Le professeur Sheikh Showkat Hussain, analyste politique, a déclaré que Rashids libéré de prison quelques jours avant les élections a donné à ses adversaires un prétexte pour l'accuser de collusion avec le gouvernement fédéral dirigé par BJP à Delhi.
Malgré ces allégations, sa victoire aux élections législatives de 2024 à la prison lui a donné une crédibilité sans précédent aux yeux des habitants, a-t-il déclaré.
Rashid a aussi travaillé dur pour fabriquer son image avec soin.
À la différence des dirigeants éminents de la vallée qui ont établi des lignées politiques, Rashid a réussi à établir une image d'un homme commun, un politicien, qui n'hésite pas à prendre les autorités.
En 2012, il a tenté d'amener des dizaines de chiens au secrétariat d'État pour protester contre l'inaction des gouvernements face à la menace canine croissante dans sa circonscription, où de nombreux incidents de morsures de chiens avaient été signalés.
J'espère que les ministres et la bureaucratie comprennent maintenant la gravité de la question, a-t-il dit à l'époque.
Mais Rashid, câlin et candeur, l'ont aussi mis dans le pétrin.
En 2015, il a accueilli un parti de Boeuf pour protester contre l'interdiction de l'abattage des vaches, considéré comme sacré par de nombreux hindous, dans plusieurs États.
Un jour plus tard, des membres du BJP, alors une partie de la coalition dirigeante de l'État, l'ont agressé à l'Assemblée.
Quelques jours plus tard, des membres d'un groupe hindou indigné par le parti du boeuf l'ont attaqué au Delhis Press Club, faisant usage de son visage avec de l'encre alors qu'il protestait contre le lynchage d'un chauffeur de camion cachemiri accusé de contrebande de vaches à Jammu.
Les manifestations inhabituelles de Rashid ont souvent porté sur les violations présumées des droits de l'homme dans la vallée du Cachemire, une accusation que le gouvernement fédéral nie.
À l'occasion de la Journée internationale des droits de l'homme en 2015, son parti a défilé à travers Srinagar avec une vache, une mule, une chèvre et un chien, tenant des pancartes disant que les animaux ont plus de droits que les gens au Cachemire.
Les membres de sa famille disent qu'ils ne sont pas surpris par sa politique, car il avait une nature rebelle depuis l'enfance.
Il avait l'habitude de protester contre les violations des droits de l'homme, la présence de bunkers militaires, le travail forcé par l'armée, a déclaré son frère Khurshid Ahmad Sheikh.
En 2008, il démissionne de son poste d'ingénieur pour participer aux élections législatives, remportant deux fois d'affilée en tant que candidat indépendant.

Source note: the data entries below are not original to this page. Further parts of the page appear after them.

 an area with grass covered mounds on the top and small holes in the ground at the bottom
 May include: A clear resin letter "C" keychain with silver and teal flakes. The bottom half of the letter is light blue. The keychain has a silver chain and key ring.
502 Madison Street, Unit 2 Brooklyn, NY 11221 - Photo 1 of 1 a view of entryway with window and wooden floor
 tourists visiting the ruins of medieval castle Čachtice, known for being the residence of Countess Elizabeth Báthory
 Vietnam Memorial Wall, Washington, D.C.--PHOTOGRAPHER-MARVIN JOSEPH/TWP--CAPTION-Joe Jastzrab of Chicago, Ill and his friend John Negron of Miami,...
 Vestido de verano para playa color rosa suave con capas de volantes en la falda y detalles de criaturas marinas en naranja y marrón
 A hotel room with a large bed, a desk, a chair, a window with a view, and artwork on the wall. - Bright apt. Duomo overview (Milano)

Une fois élu à l'assemblée d'État, il a obtenu la reconnaissance à travers le Cachemire pour avoir protesté contre ce qu'il a appelé les politiques du gouvernement "anti-peuple", disent les analystes.
L'élément de protestation le rend populaire.

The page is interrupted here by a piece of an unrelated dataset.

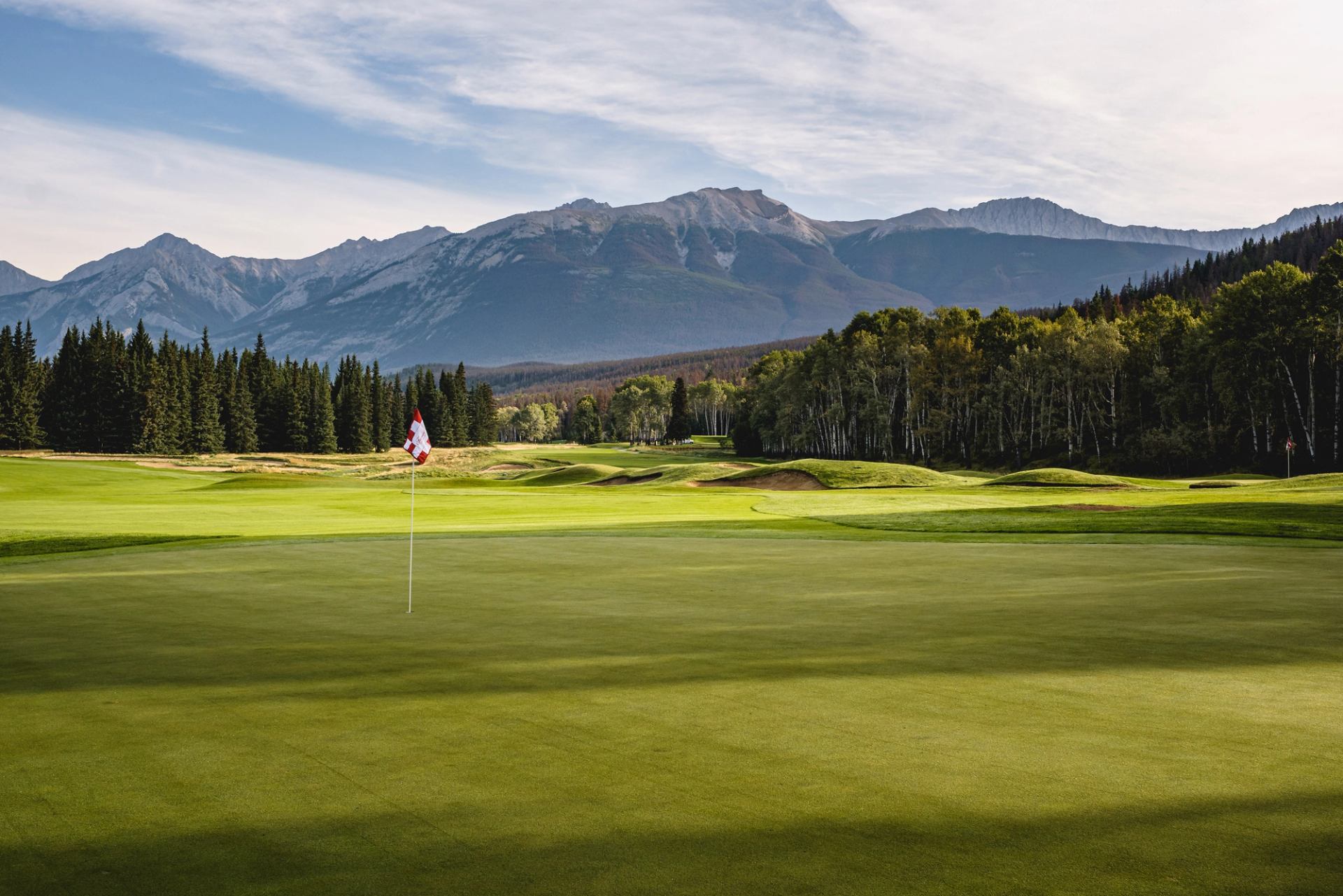 Scenic photo of a hole and flag at Fairmont Jasper Park Lodge Golf Course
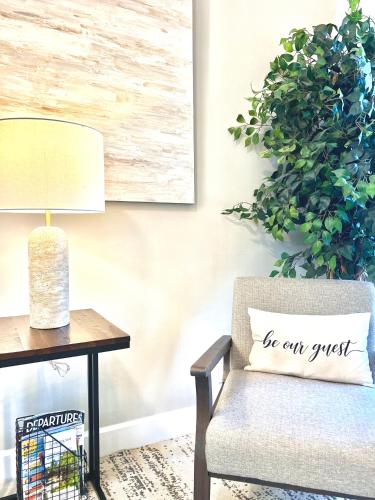 a living room with a chair and a table with a lamp at 2 mins to Downtown Atlantic Ave-3 mins to Beach-600mbps-BBQ-Fenced Yard in Delray Beach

Depuis son entrée en politique, M. Noor Mohammad Baba, analyste politique basé au Cachemire, est un grand public.
Sa peine de prison a intensifié l'intérêt public pour ses rassemblements, a-t-il ajouté.
Lors d'un récent rassemblement, un groupe enthousiaste d'hommes s'est réuni pour l'écouter.
Certains d'entre eux étaient curieux de voir l'homme aux infos, et d'autres étaient ses fans.
Est-ce que les allégations de Rashid étant un proxy de Delhi les ennuyaient?
La plupart des partis régionaux ont été en alliance avec le BJP [dans le passé].
Ils ne sont pas en mesure de l'accuser de complicité avec le BJP, a déclaré Rafiq Ahmad, un homme d'affaires.
Les gens veulent donner une chance à Rashid et voir ce qu'il fait.Rashid a parlé et a exigé une résolution du conflit du Cachemire et la fin de l'utilisation des lois antiterroristes pour mettre les Cachemiriens en prison.
Des jeunes hommes criaient à l'unisson en soutien.
En quelques minutes, Rashid se rendait à sa prochaine réunion publique.